Taken together, the results of the two raters support concerns involving the reliability of visual inspection (DeProspero & Cohen, 1979; Fisher et al., 2003; Ninci et al., 2015). Given that both raters were college-level professors with the same level of certification, we would have expected them to produce similar conclusions based on the data. Although agreement was .87 on individual tiers and both raters adequately controlled for Type I error rate, the analysis of power shows how small differences in visual inspection between two raters may be amplified to produce different conclusions regarding the effect of an intervention. For example, the first rater had power near or above .80 for all combinations of tiers tested whereas the second rater never achieved this criterion. It is important to note that the first rater clearly demonstrates that it is possible for visual inspection to outperform the dual-criteria method. Given that the two raters had similar credentials, our results indicate that training in visual inspection needs to be further improved and systematized (e.g., Retzlaff, Phillips, Fisher, Hardee, & Fuhrman, 2020; Stewart, Carr, Brandt, & McHenry, 2007).

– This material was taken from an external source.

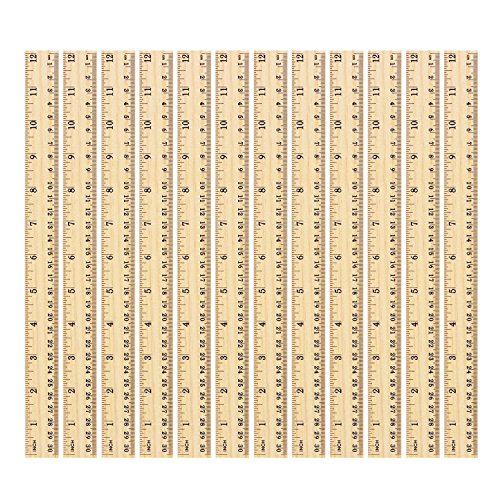Tang Song 30PACK Student Ruler Wood Ruler Office Ruler Student Wooden Measuring Ruler, 2 Scale (12 inch and 30 cm) - Thumbnail 2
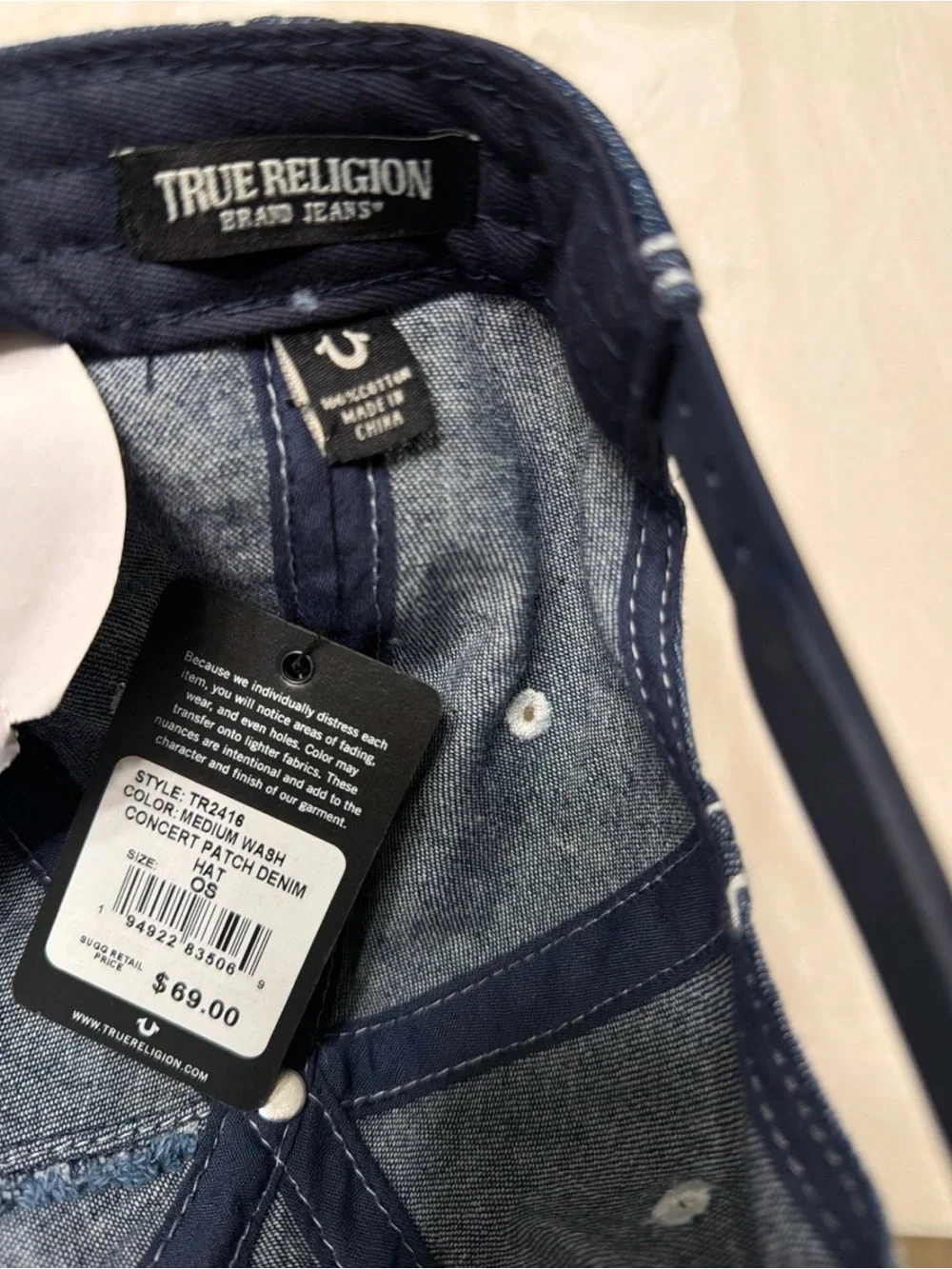 True Religion Denim Baseball Cap - Blue with Red Patch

Our study may have produced different results if the raters had been allowed to analyze the multiple baseline graphs as a whole (rather than individual tiers) or use analysis methods that consider all tiers simultaneously (Bouwmeester & Jongerling, 2020). If two of three tiers show a clear change and the final tier is ambiguous, some practitioners and researchers may overlook this last tier. For example, Wolfe, Seaman, and Drasgow (2016) found that 35% of their raters considered that two of three tiers with clear changes was sufficient to show a functional relation in a study on the visual analysis of multiple baseline graphs. Moreover, researchers should manipulate other variables such trend and variability (e.g., DeProspero & Cohen, 1979; Kahng et al., 2010) to examine their impact in the future because these dimensions may interact with others to influence responding.

The study has some additional limitations that should be noted. First, we arbitrarily set the initial the SMD value at a mean of 3, which is considered as relatively small in single-case research (Rogers & Graham, 2008; Lanovaz et al., 2020). Because smaller changes typically have lower power, replicating our study with larger SMD values may produce different outcomes. Second, our study limited its analysis to the dual-criteria method and visual inspection. In the future, researchers may also explore other methods of data analyses to examine whether the results remain consistent (e.g., Krueger, Rapp, Ott, Lood, & Novotny, 2013; Manolov & Vannest, 2020). Third, our analyses only involved simulated data as it is impossible to measure power on nonsimulated data without delving into circular reasoning. Nevertheless, researchers could examine Type I error rate on nonsimulated data in the future (Falligant et al., 2020; Lanovaz et al., 2017). Finally, the distribution of our simulation data was limited by our choice of starting parameters (e.g., autocorrelation values, SMD), which may not perfectly represent the distribution of data in nonsimulated graphs. Until our results are replicated by an independent research team, we do not recommend that practitioners and researchers adopt a new criterion involving the analysis of multiple baseline design (e.g., requiring at least two of three tiers showing a clear change). That said, researchers and practitioners should carefully consider limitations in power when requiring all tiers of a multiple baseline design to show a clear change in their analyses.